• **What you have to do**
Set down the data below from its first line to the line holding "We've got two", inclusive; omit all pictures.

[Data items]
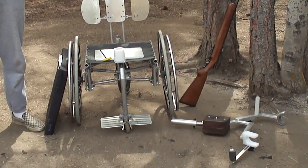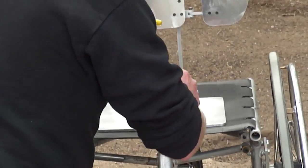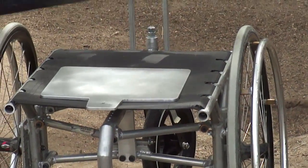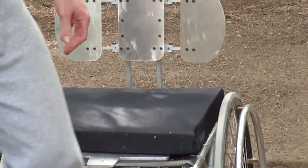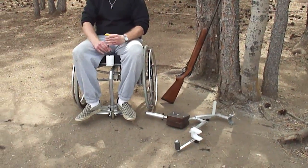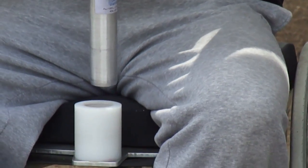How it works is you have an aluminum sheet that sits on the seat of the wheelchair with a boss at the front. What you do is unscrew and remove the boss. Now set the seat cushion down. Have a caregiver set you down on the seat and reinstall the boss. Your weight will keep it stable.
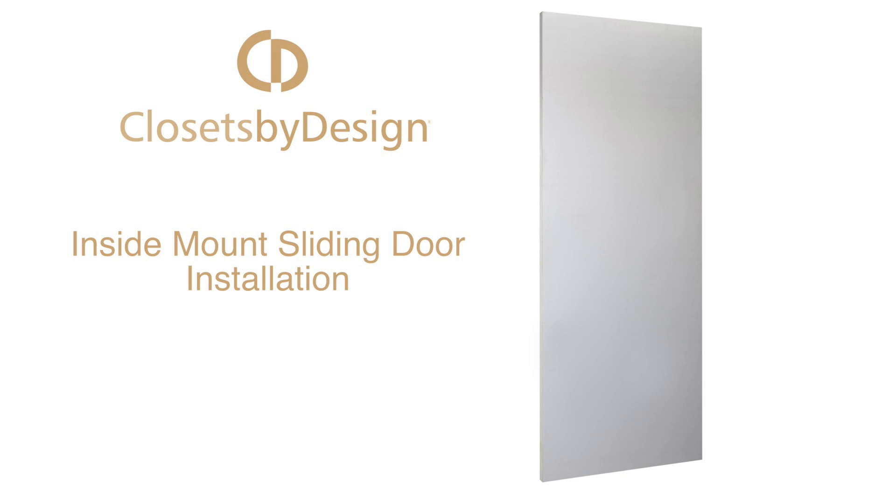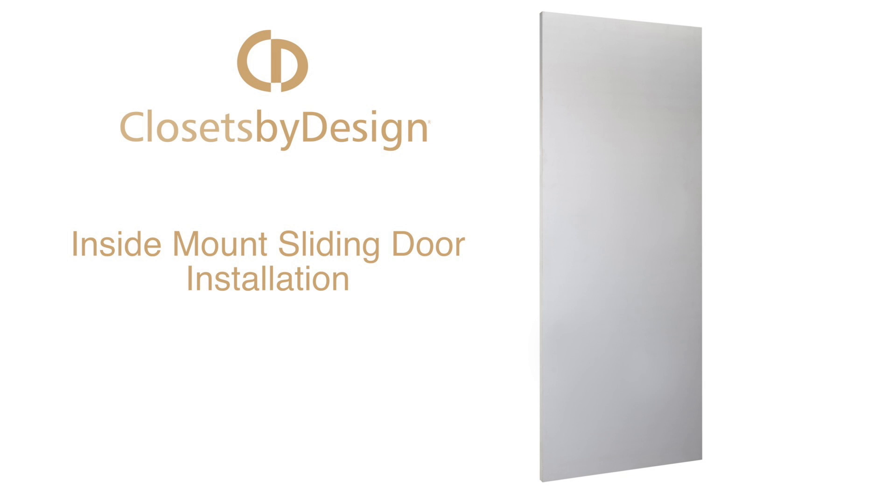We are going to show you our inside mount sliding doors in this video. Great for any closet that has a door opening wide enough for two doors to bypass each other.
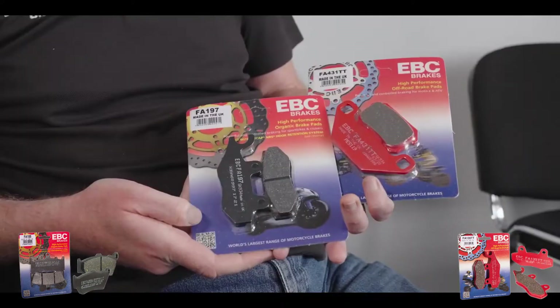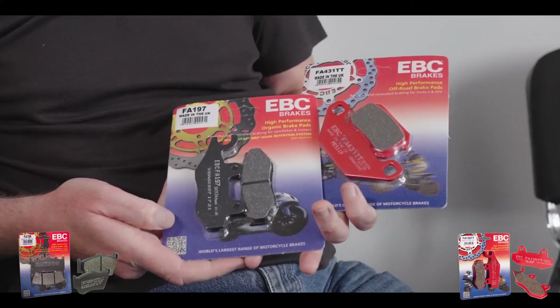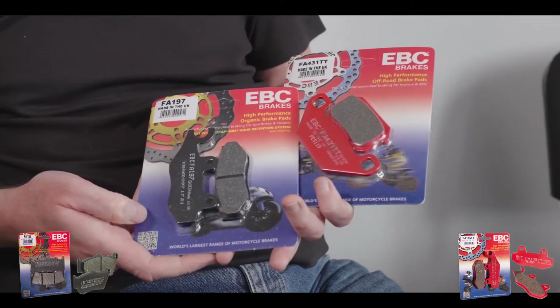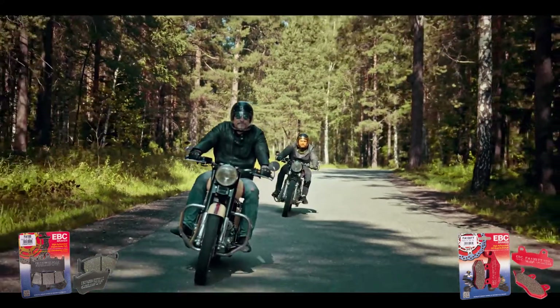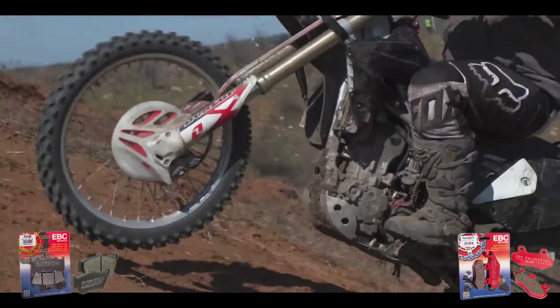We've got two materials here: the TT or X pads as they're known, which is the off-road version, and the on-road version, the FA series. The on-road version is basically for any road-going bike, and the off-road version is for any off-road bike — dirt bikes, trail bikes, and so on.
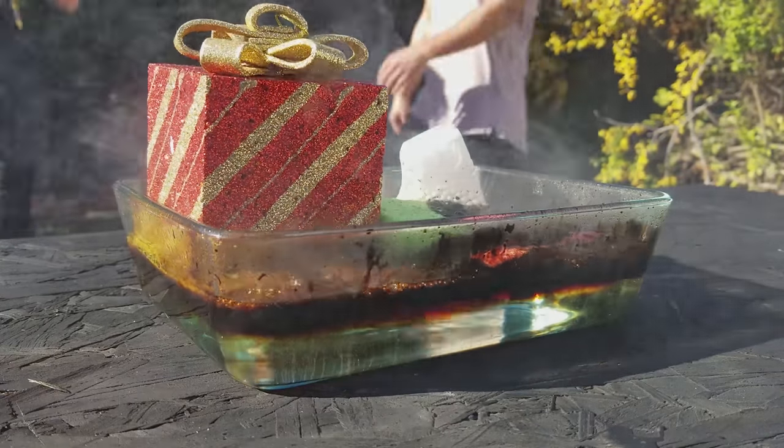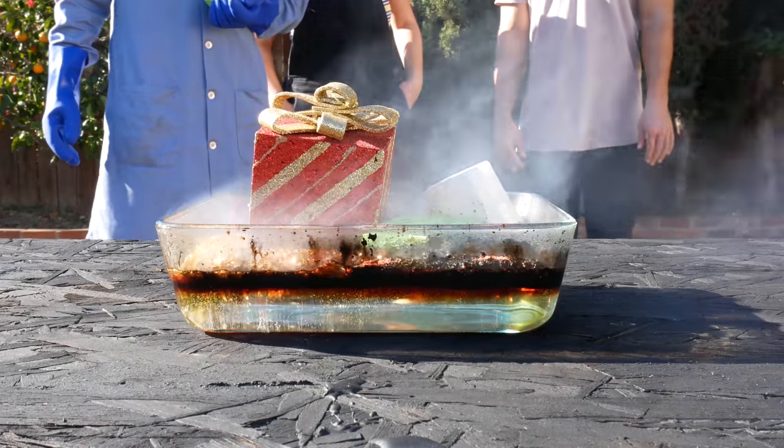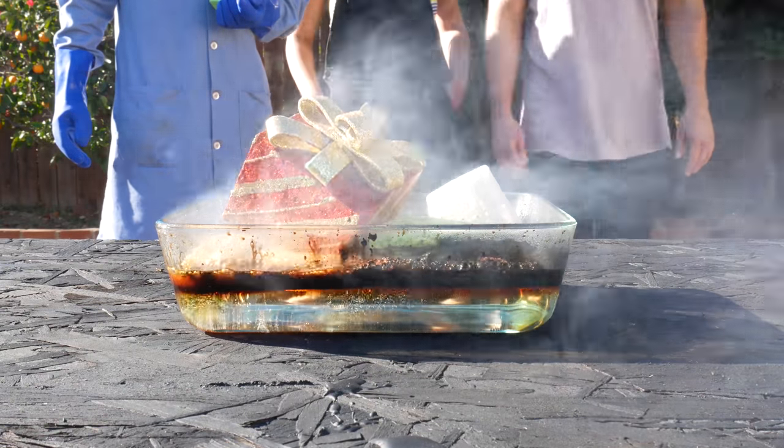Alright, so the sponge works — it reacts very, very quickly. That melted. It looks like a weird sort of black tar jacuzzi.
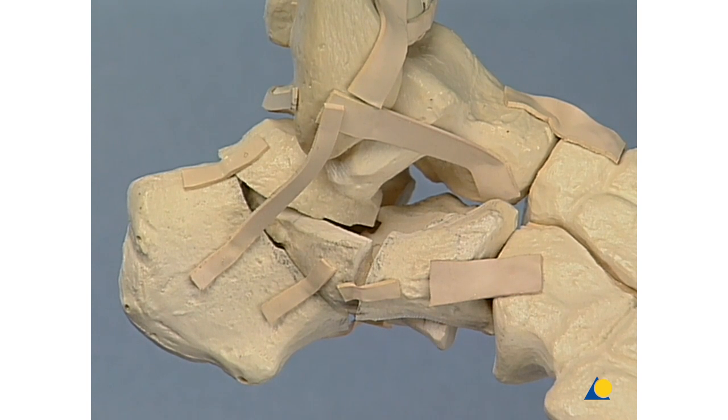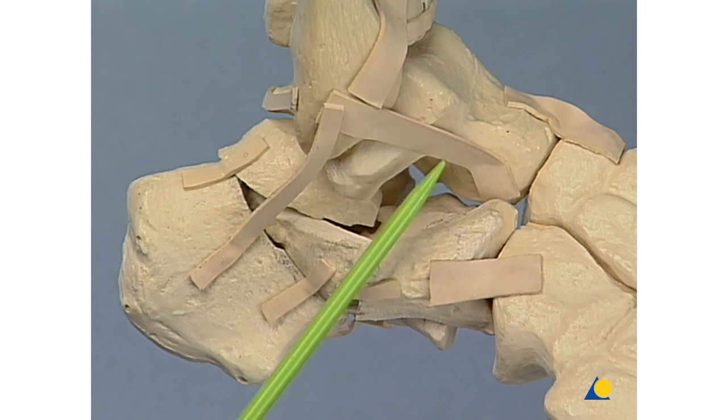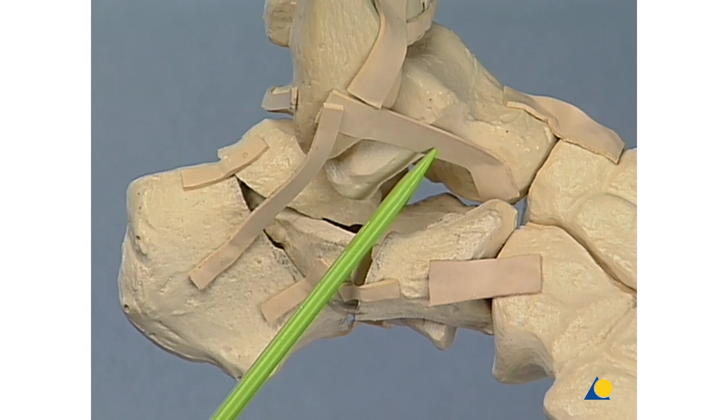Two important ligament structures should be mentioned: here the fibulocalcaneal ligament, and here the anterior fibulotalar ligament.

• **The completed task**
How it works is you have an aluminum sheet that sits on the seat of the wheelchair with a boss at the front. What you do is unscrew and remove the boss. Now set the seat cushion down. Have a caregiver set you down on the seat and reinstall the boss. Your weight will keep it stable.
We are going to show you our inside mount sliding doors in this video. Great for any closet that has a door opening wide enough for two doors to bypass each other.
We've got two materials here: the TT or X pads as they're known, which is the off-road version, and the on-road version, the FA series. The on-road version is basically for any road-going bike, and the off-road version is for any off-road bike — dirt bikes, trail bikes, and so on.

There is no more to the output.